No long term carcinogenicity studies have been conducted with valganciclovir. However, ganciclovir is a potential carcinogen and due to the rapid conversion of valganciclovir to ganciclovir, it is also considered a potential carcinogen.
http://www.drugs.com/mmx/valganciclovir.html

High concentrations of ganciclovir have produced carcinogenic effects in animal models. As a result, ganciclovir is considered a potential carcinogen in humans.
http://www.medscape.com/viewarticle/712277_6

Ganciclovir has caused tumors in laboratory animals. Although there is no information in humans, ganciclovir should be considered cancer-causing (carcinogenic).
http://www.medicinenet.com/ganciclovir-injection/article.htm

Valcyte may cause cancer. Valcyte causes cancer in animals. It is not known if Valcyte causes cancer in people.
http://www.gene.com/patients/medicines/valcyte

Ganciclovir was carcinogenic in the mouse at oral doses that produced exposures approximately 0.1x and 1.4x, respectively, the mean drug exposure in humans following the recommended intravenous dose of 5 mg/kg, based on area under the plasma concentration curve (AUC) comparisons.

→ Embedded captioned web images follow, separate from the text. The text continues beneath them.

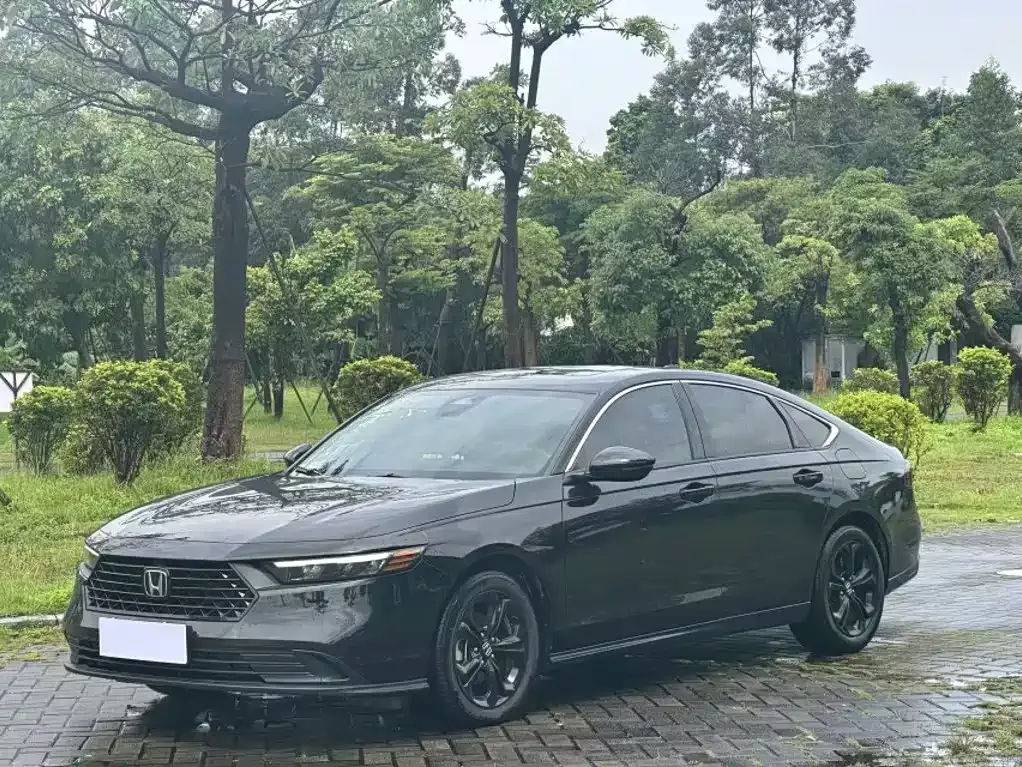 Honda Accord — фото 1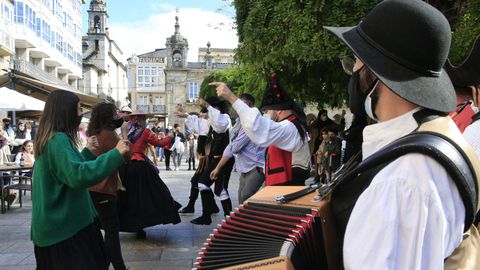 El baile, pero sobre todo la m�sica, fueron los protagonistas de este extra�o Domingo das Mozas 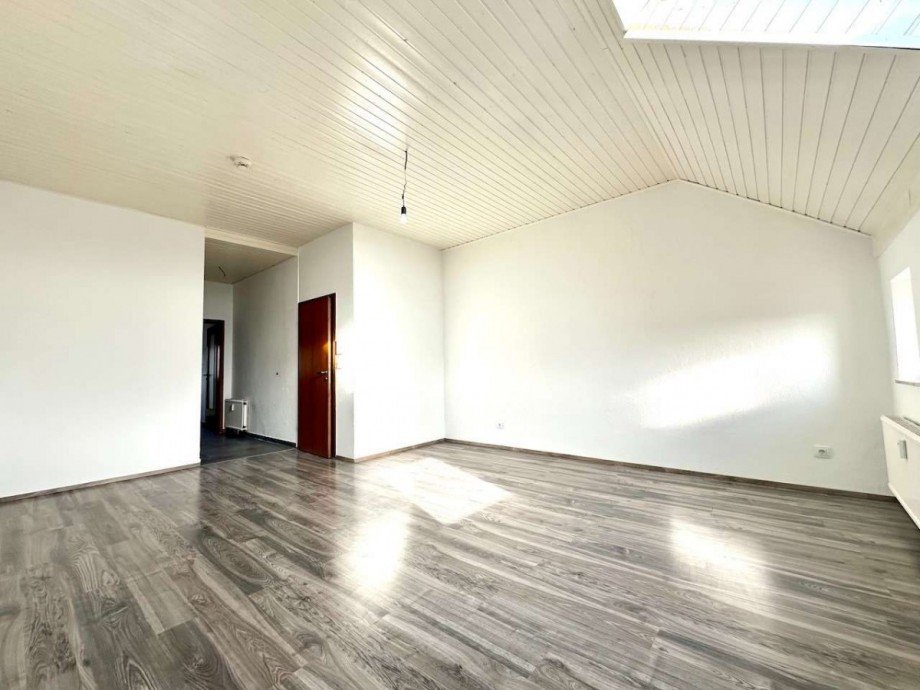 Wohnzimmer Dachgeschosswohnung Neuss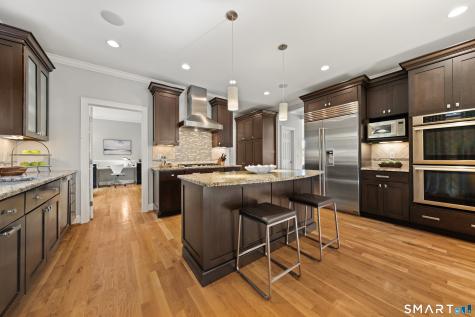 5 Champlains Drive Farmington CT 06032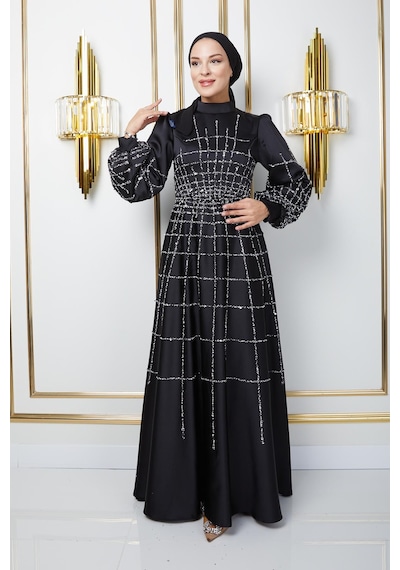 Olcay Önü Ve Kolları Taş Ve Pul Bezeli Kloş Saten Tesettür Abiye Elbise Siyah 1675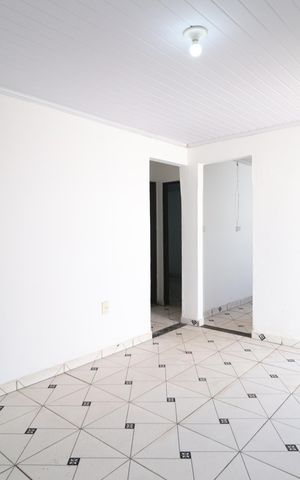 Casa para alugar com 82m², 2 quartos e 5 vagasSala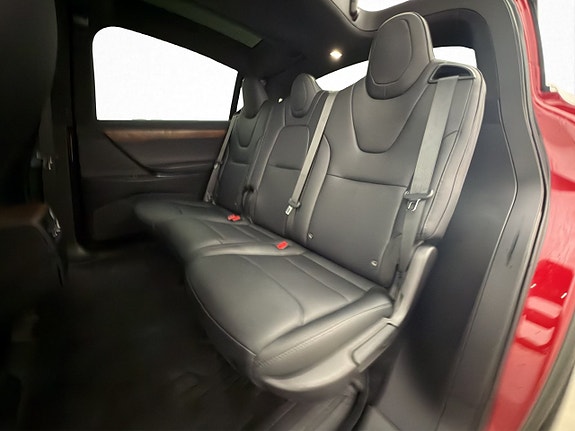 Tesla Model X 27 of 30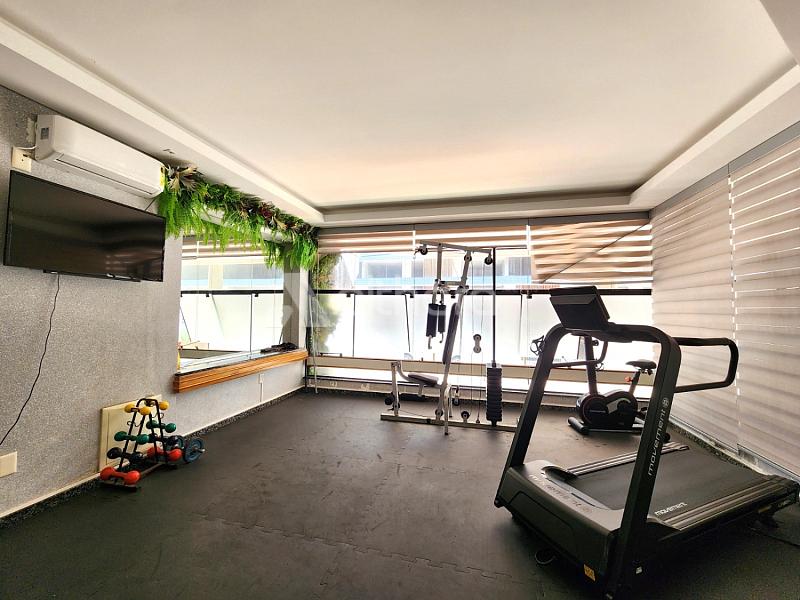 Apartamento Diferenciado no Edif�cio Tour Royalle em Balne�rio Cambori� 21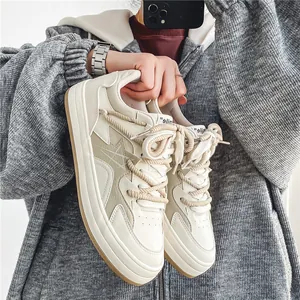 Μοντέρνα ανδρικά casual sneakers σε σπασμένο λευκό με χοντρά κορδόνια και αστέρι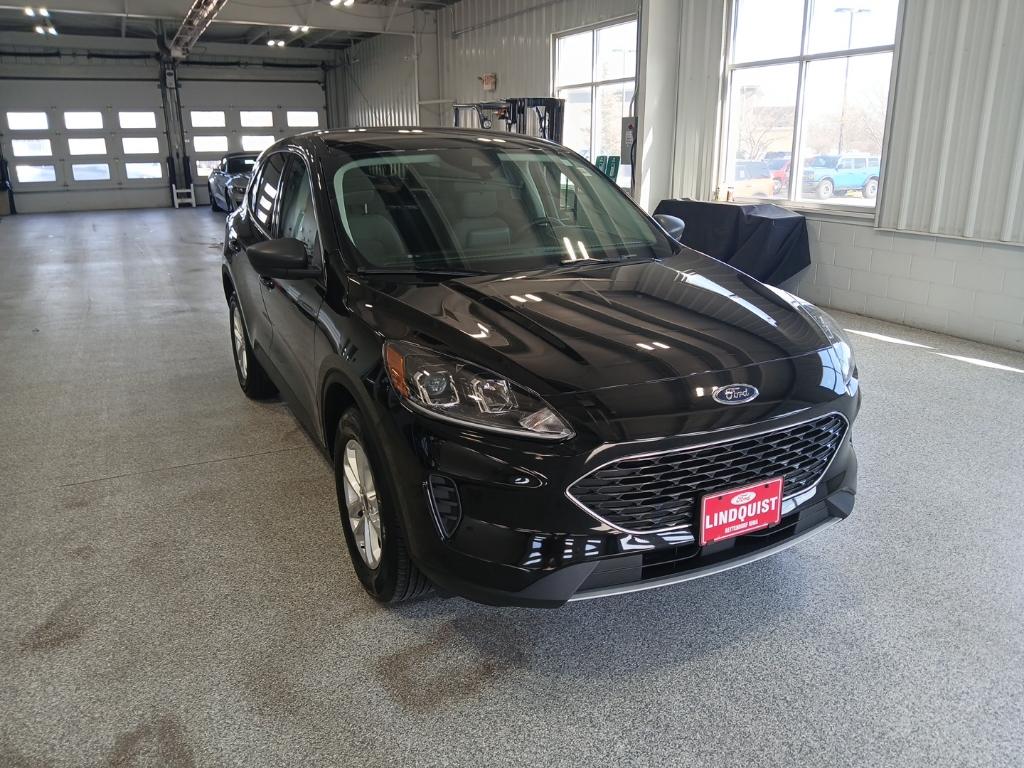 2022 Ford Escape SE photo 2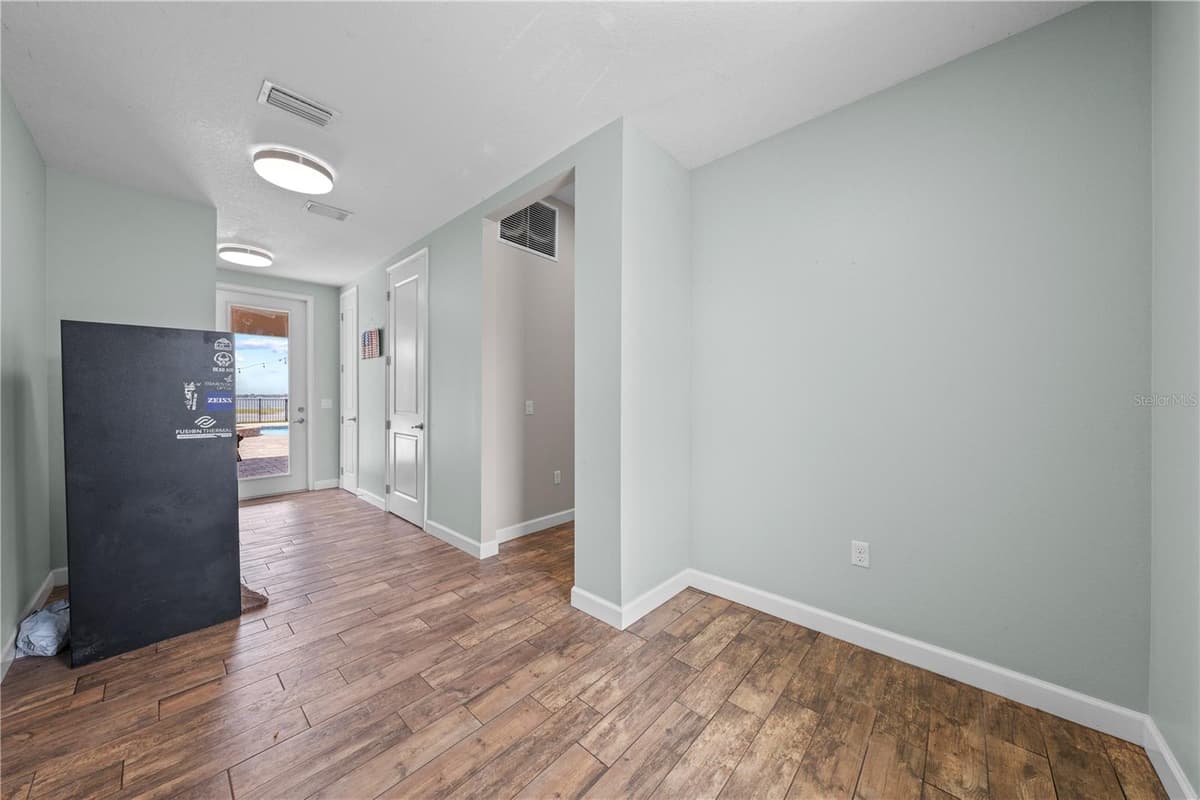 4664 HICKORY TREE LN — photo 60 of 91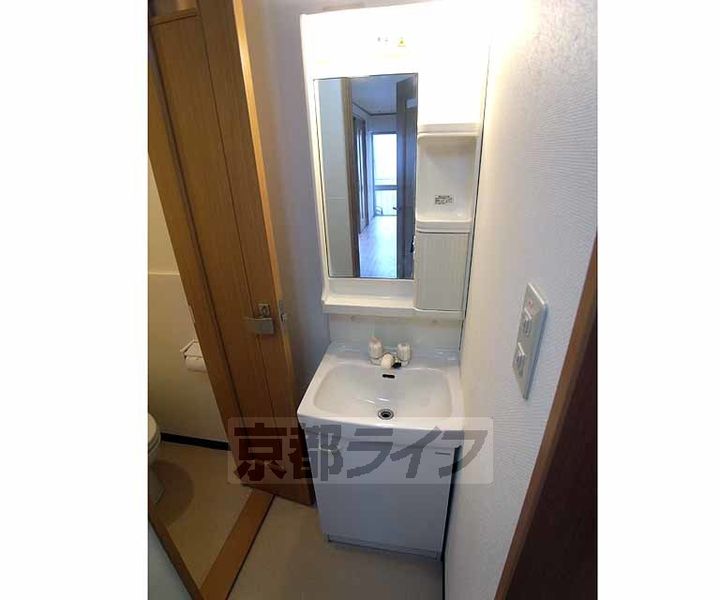 京都府京都市右京区嵯峨野有栖川町の賃貸アパートの内装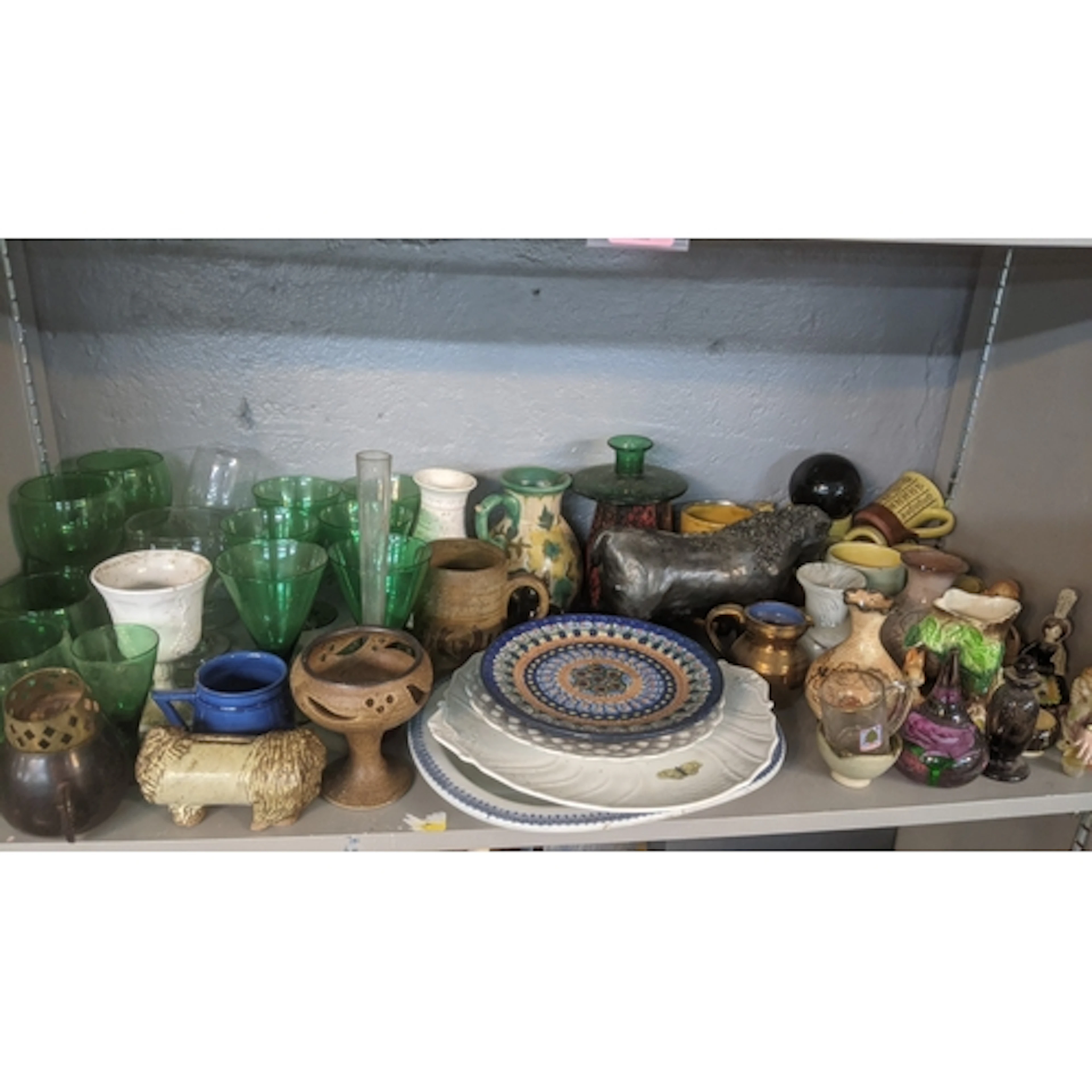 Ceramics and glassware to include a Hornsea Pottery ornament...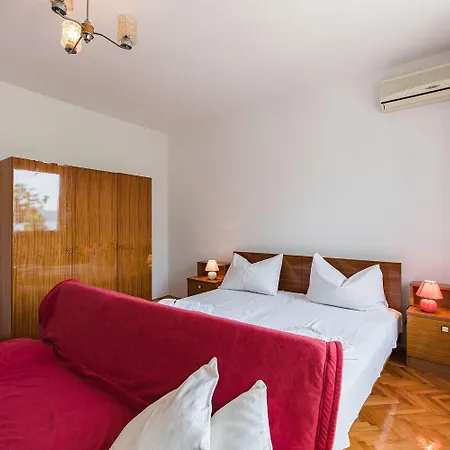 Apartmán Lauschiges Nur 300 Meter Zum Sandstrand Mit Meerblick Und Parkplatz Crikvenica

All tumours were of epithelial or vascular origin except for histiocytic sarcoma of the liver.

No carcinogenic effects were seen at 1 mg/kg/day.

At the higher dose there was a significant increase in the incidence of tumors of the preputial gland in males, fore stomach (nonglandular mucosa) in males and females, and reproductive tissues (ovaries, uterus, mammary gland, clitoral gland and vagina) and liver in females.

At the lower dose, a slightly increased incidence of tumors was noted in the preputial and harderian glands in males, forestomach in males and females, and liver in females. Ganciclovir should be considered a potential carcinogen in humans

Ganciclovir caused point mutations and chromosomal damage in mammalian cells in vitro and in vivo. In an 18 month study, ganciclovir was carcinogenic in mice after oral doses of 20 mg and 100 mg daily.
http://datasheets.scbt.com/sc-203963.pdf

 

[leokitten]

I will admit that I'm not familiar with the study or studies but I thought it was pretty well accepted that there is an increased risk of NHL in ME patients. Also, Dr. John Richardson has published statistics from his enterovirus patient cohort, noting increased incidence of gliomas, astrocytomas, and carcinomas.

I'm just trying to show people on this forum that they are so quick to criticize and say there is no evidence when I say a general statement that Valcyte is carcinogenic, but when someone says in such a general way that ME/CFS is carcinogenic of course there is no criticism.